Copy out exactly, and only, the lines from the one containing "Playful monster skateboarding with helmet" through the end of the entries. No pictures.

● ● ● ●

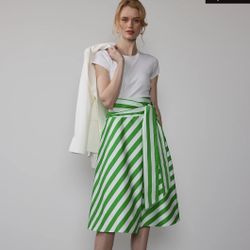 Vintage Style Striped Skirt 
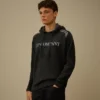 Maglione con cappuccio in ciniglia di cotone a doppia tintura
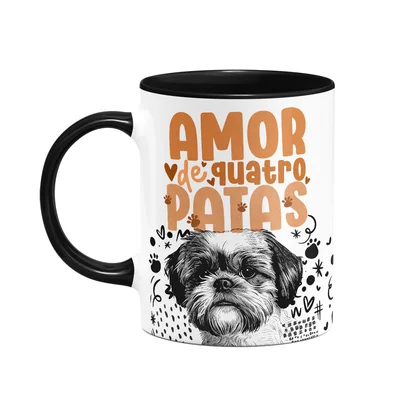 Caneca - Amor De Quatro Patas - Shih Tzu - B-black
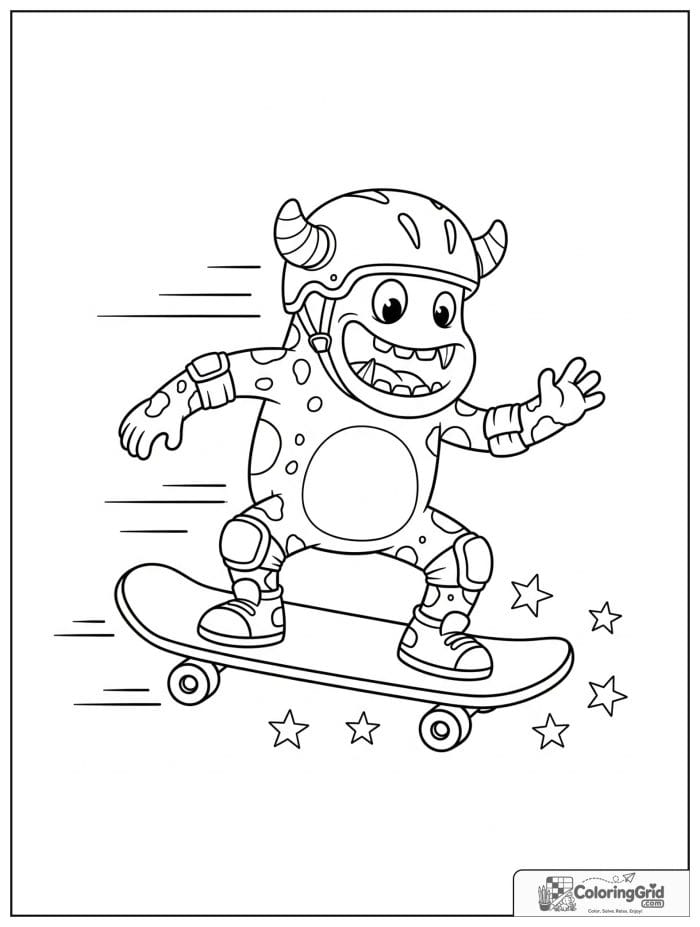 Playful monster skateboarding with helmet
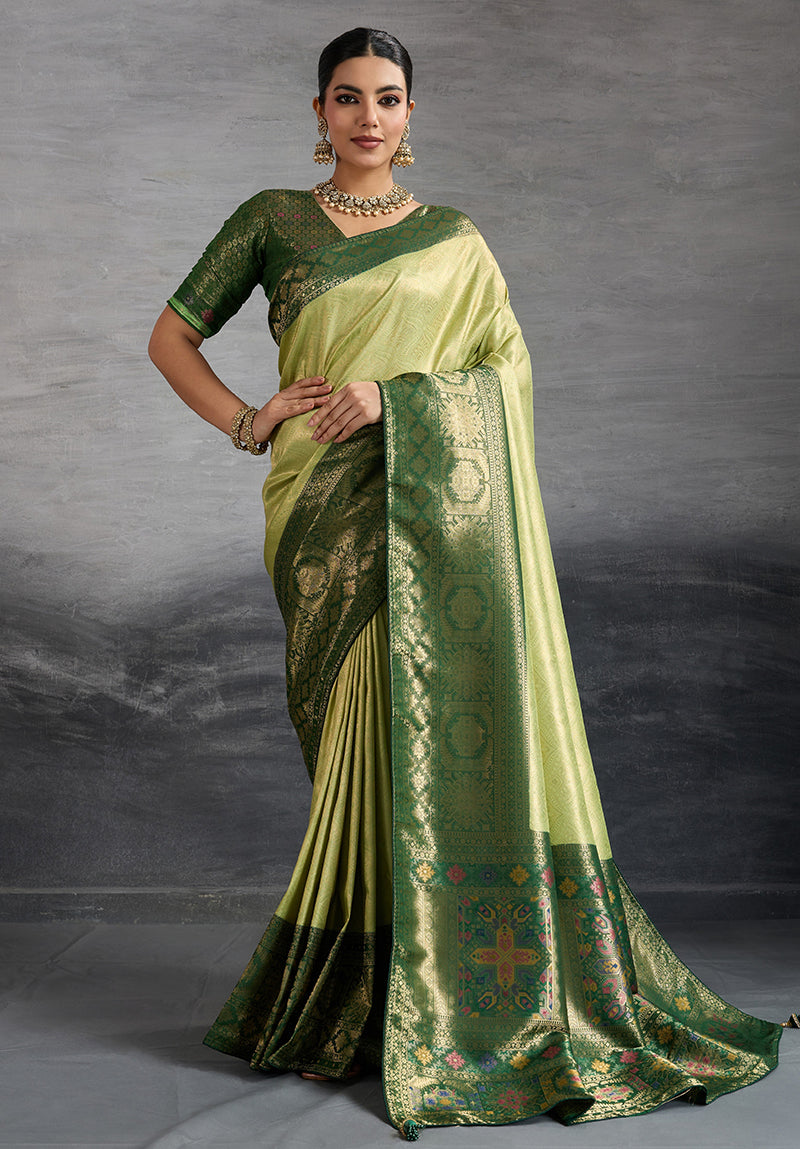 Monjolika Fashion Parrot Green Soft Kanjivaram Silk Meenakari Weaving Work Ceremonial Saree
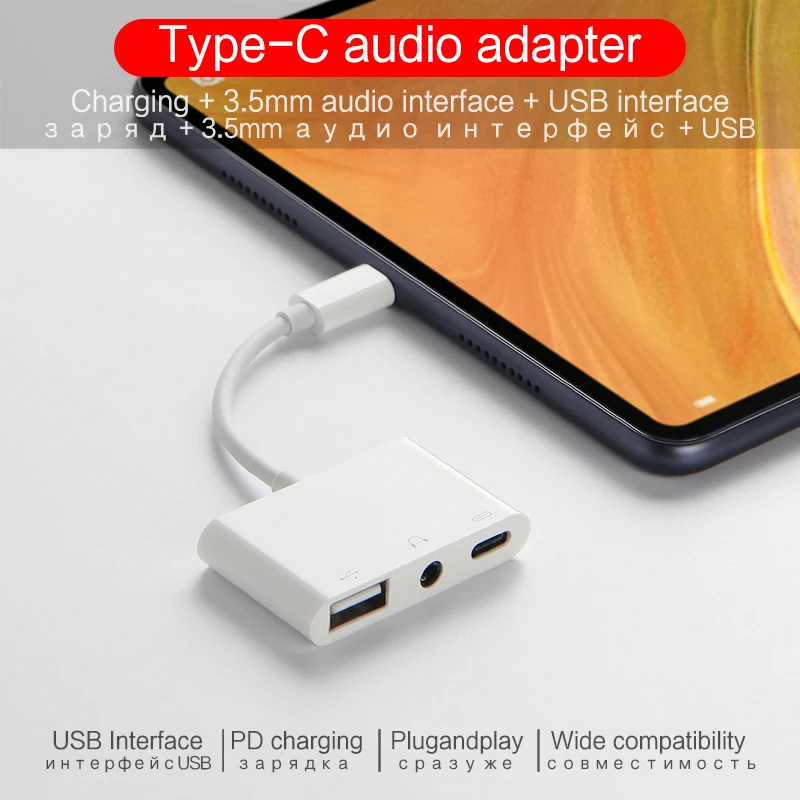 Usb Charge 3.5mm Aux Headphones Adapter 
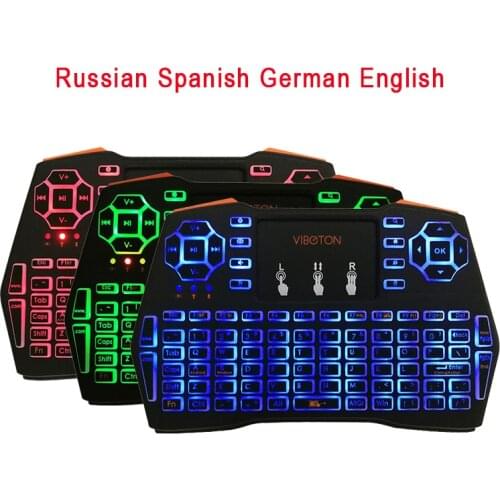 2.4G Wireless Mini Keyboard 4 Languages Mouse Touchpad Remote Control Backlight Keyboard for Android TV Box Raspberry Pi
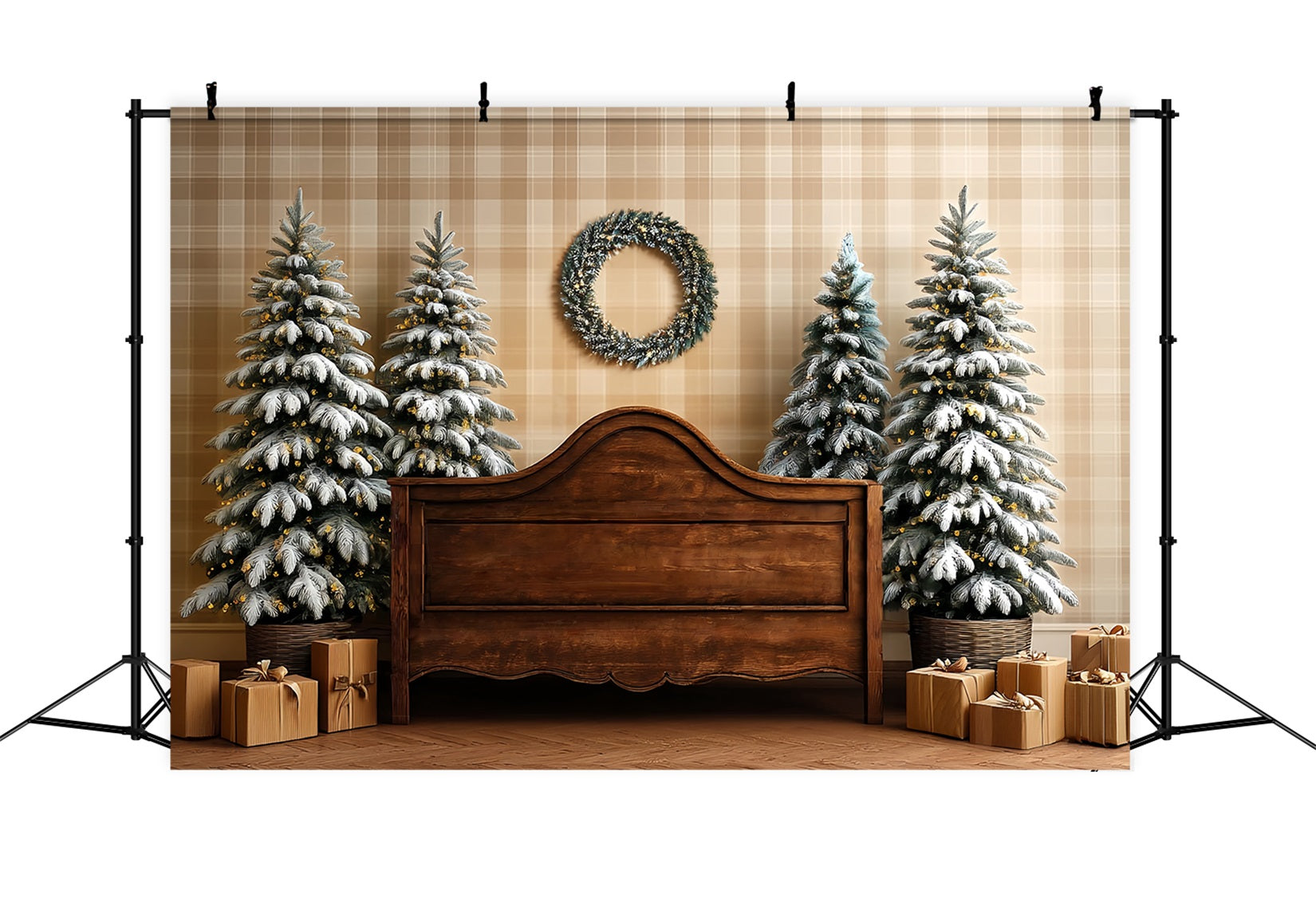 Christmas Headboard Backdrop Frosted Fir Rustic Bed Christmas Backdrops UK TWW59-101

● ● ● ●

TASK SOLUTION:
 Playful monster skateboarding with helmet
 Monjolika Fashion Parrot Green Soft Kanjivaram Silk Meenakari Weaving Work Ceremonial Saree
 Usb Charge 3.5mm Aux Headphones Adapter 
 2.4G Wireless Mini Keyboard 4 Languages Mouse Touchpad Remote Control Backlight Keyboard for Android TV Box Raspberry Pi
 Christmas Headboard Backdrop Frosted Fir Rustic Bed Christmas Backdrops UK TWW59-101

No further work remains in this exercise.